Per quanta tempestività e scaltrezza politica ci abbia messo la premier Giorgia Meloni per apprezzare pubblicamente il messaggio televisivo di Capodanno del presidente della Repubblica, nonostante il “dispiacere” attribuitole da Monica Guerzoni sul Corriere della Sera per “le ombre su sanità e detenuti”, l’intervento di Sergio Mattarella non ha potuto sottrarsi al gioco degli specchi. Che, già numerosi di loro al Quirinale sulle pareti alle quali sono appesi, si moltiplicano nelle interpretazioni mediatiche e politiche delle parole, dei gesti e, a volte, persino dei silenzi del Capo dello Stato. E Mattarella è moroteo, di famiglia, anche in questo, cioè nella gestione dei silenzi quando decide di ricorrervi. O dei tempi, come quelli che, per esempio, dilata al massimo quando si tratta di controfirmare e promulgare provvedimenti che non lo convincono. La firma allora arriva davvero in extremis.
Chi ha graffiato maggiormente con i titoli questa volta è stata probabilmente l’Unità del mio amico, ed ex direttore del Dubbio, Piero Sansonetti proponendo il messaggio di Mattarella come “sfida al governo”. Di fronte alla quale impallidisce “lo sprono” visto e proposto dal manifesto. Ma non ha scherzato neppure Domani, il giornale dell’irriducibile editore Carlo De Benedetti, indicando nel messaggio di Mattarella “il controcanto a Meloni”. Che pure assai prudentemente non solo ha apprezzato le parole di Mattarella ma ha anche rinviato al 9 gennaio, credo, la tradizionale conferenza stampa di fine anno, o inizio del nuovo, del presidente del Consiglio, rigorosamente al maschile neutro.
Mattarella, per come lo conosco, e credo di averlo capito in tanti anni di militanza politica, la sua, e di professione giornalistica, la mia, avrà fatto spallucce incurvandole ulteriormente.
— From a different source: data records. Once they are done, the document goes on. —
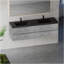 Meuble-lavabo mural 72 po avec lavabo, armoire de rangement murale moderne, deux bacs à sable en quartz noir et quatre tiroirs à fermeture en douceur, série EDI, finition gris ciment.-905015694-905015735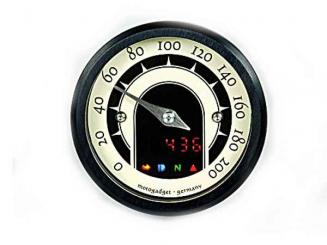 Motoscope Tiny Speedster analoger 49mm Tacho schwarzer Ring 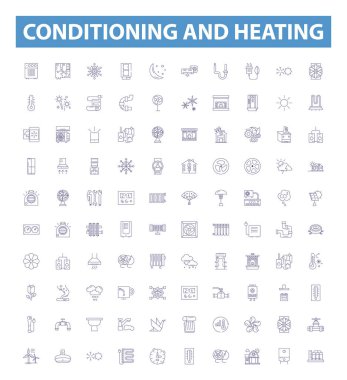Koşullandırma ve ısıtma hattı simgeleri, tabelalar hazır. Koşullandırma, Isıtma, Hava, Soğutma, Havalandırma, Fan, Fırın, Isı, Soğutma ana hatları vektör çizimleri.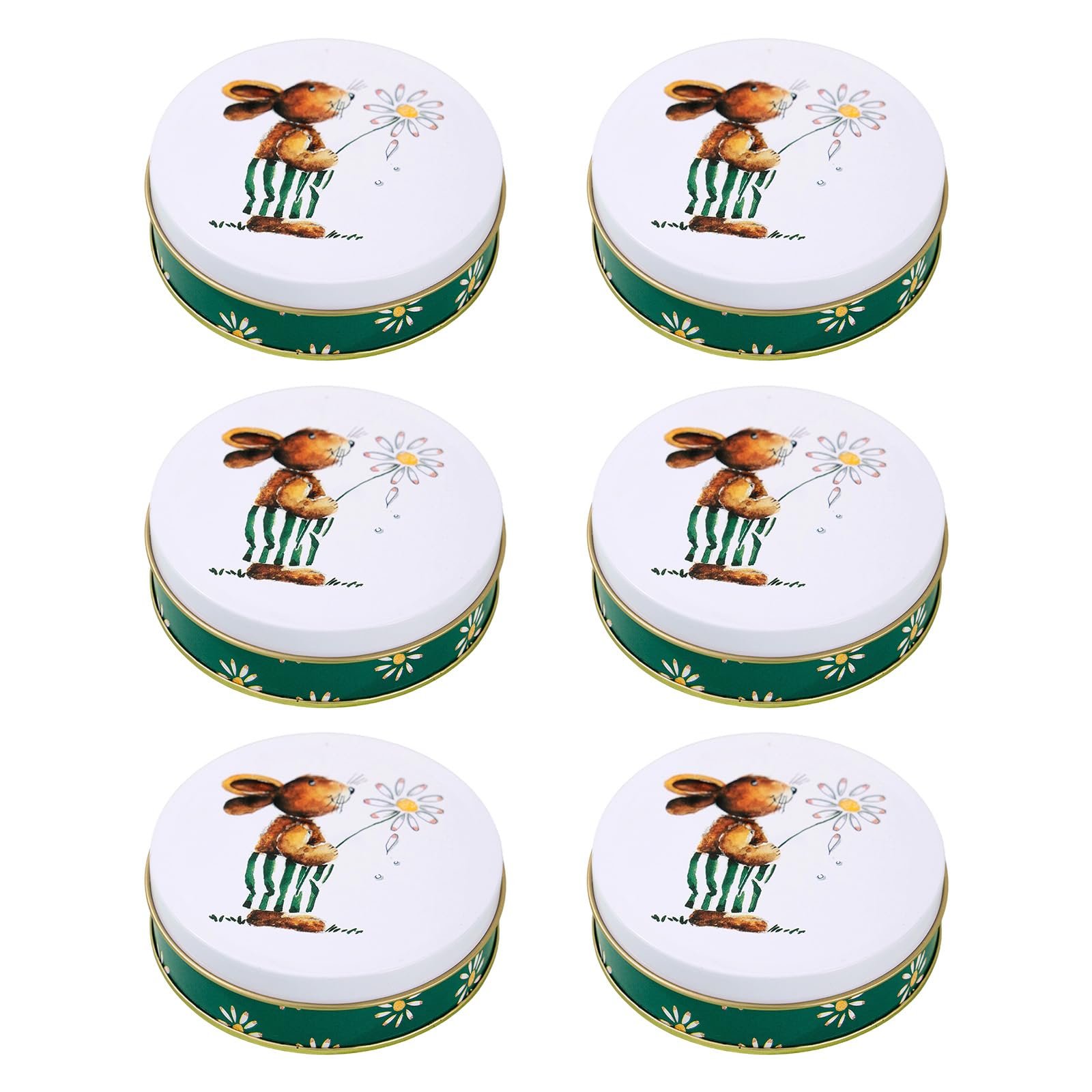 Piceioep Of 6 Decorative Rabbits Design Metal Gift Boxes Celebratory Present Holder Perfect for Candy Treats and Small Items Lovely Animal Candy Tins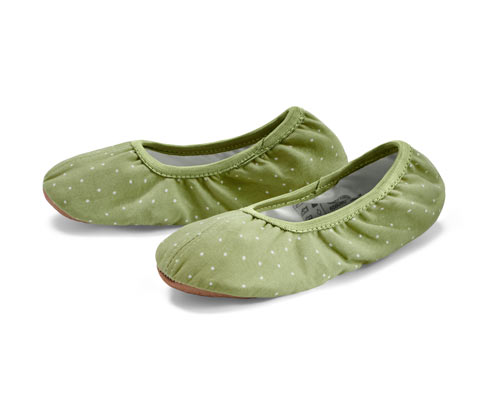 Thumbnail - Tchibo - Kleinkinder-Gymnastikschuhe - Damen - Gr. 33 - olivgrün/gepunktet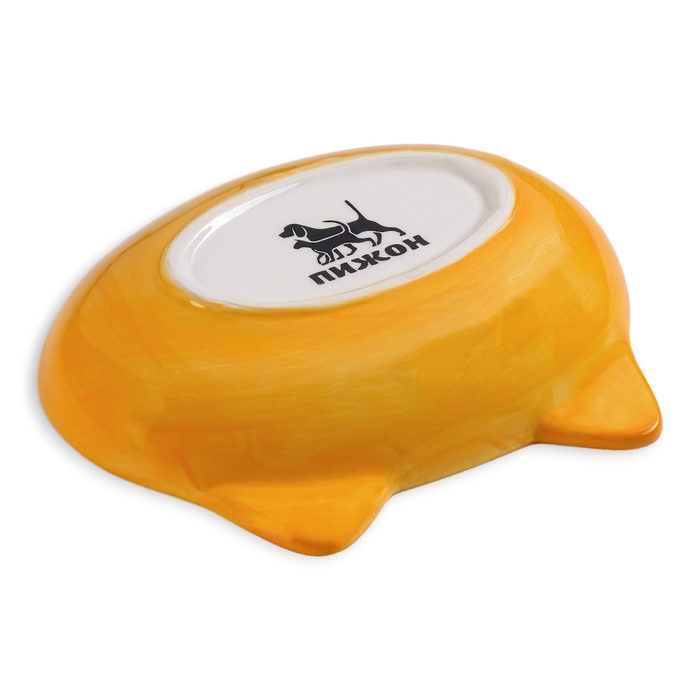 Миска керамическая овальная "Кошачья мордочка" 200 мл  14 х 12 х 3,5 см, жёлтая/белая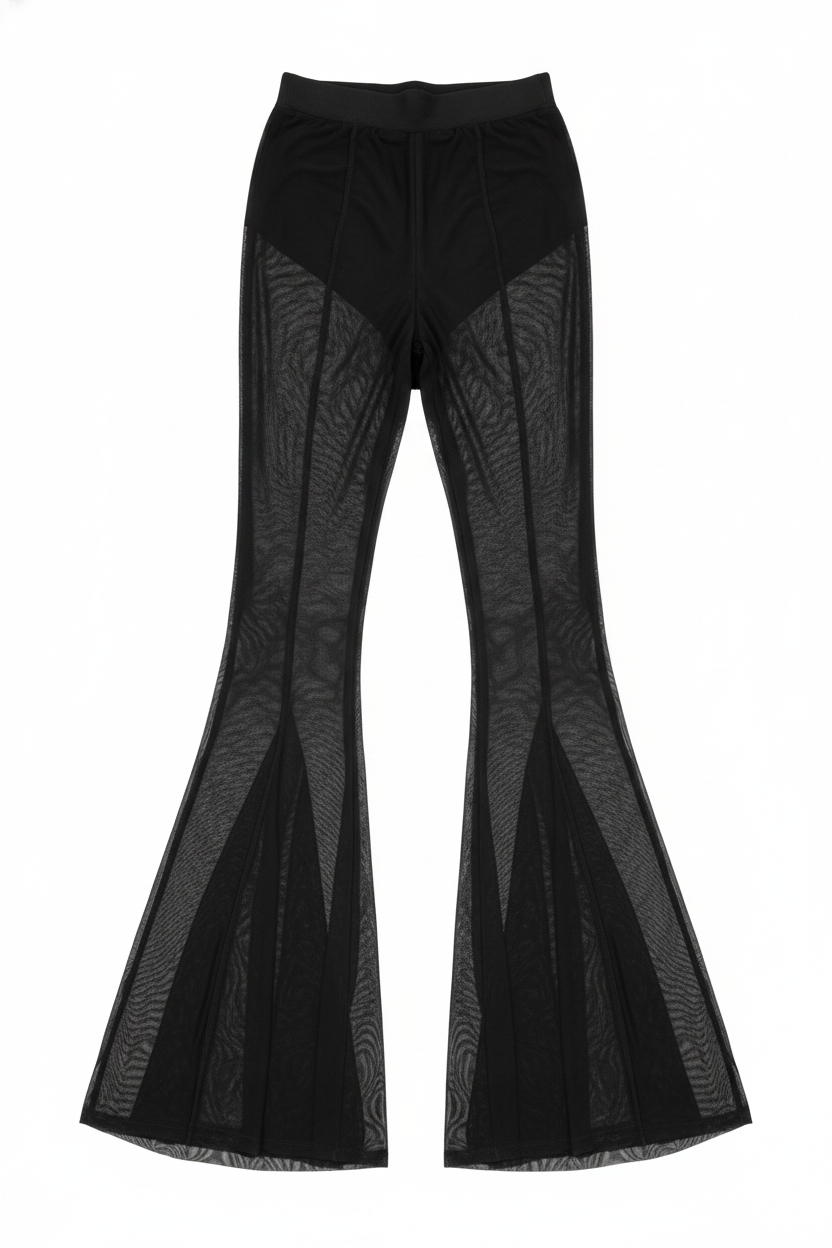 Sheer Mesh Seamed High Waist Flare Pants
E magari si sarà pure divertito a immaginare le reazioni ai quattro messaggi augurali di San Silvestro che mancano all’epilogo del suo secondo mandato al Quirinale. Saranno alla fine quattordici: la durata più di un regno che di una Presidenza della Repubblica. Un regno peraltro neppure cercato, perché tutti ricordano le resistenze opposte da Mattarella alla rielezione: opposte sinceramente, non per finta o calcolo, come qualcuno pure riuscì a scrivere o insinuare quando maturò la sua conferma dopo inutili tentativi dei partiti di trovargli un successore. Come, del resto, si era già verificato due anni prima alla scadenza del primo mandato di Giorgio Napolitano, chiamato “Re Giorgio” per il suo dichiarato e orgoglioso interventismo nell’esercizio delle sue funzioni. Ho visto scrivere in questi giorni o ore anche di “Re Sergio”, ma non mi suona francamente bene come “Re Giorgio”.
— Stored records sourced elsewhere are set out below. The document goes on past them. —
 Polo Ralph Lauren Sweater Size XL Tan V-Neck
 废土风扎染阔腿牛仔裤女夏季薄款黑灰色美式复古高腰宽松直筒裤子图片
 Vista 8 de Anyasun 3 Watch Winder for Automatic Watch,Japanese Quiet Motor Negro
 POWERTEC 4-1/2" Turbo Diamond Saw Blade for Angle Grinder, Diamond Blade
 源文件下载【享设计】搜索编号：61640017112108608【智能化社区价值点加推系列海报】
Il guaio di questo che sarei tentato di chiamare il tradizionale, ormai, gioco degli specchi attorno al Capo dello Stato, e ai suoi interventi, è che qualcosa alla fine resta, nell’immaginario politico., delle rappresentazioni finalizzate al perseguimento degli obiettivi di chi si spinge troppo oltre nelle interpretazioni. E nello stesso racconto. E ciò a detrimento, a mio avviso, della Politica, con la maiuscola. E della dialettica che l’accompagna e la caratterizza e si traduce prevalentemente in lotta. Nella quale invece dovrebbe essere interesse di tutti di non coinvolgere una figura di garanzia come quella del Capo dello Stato.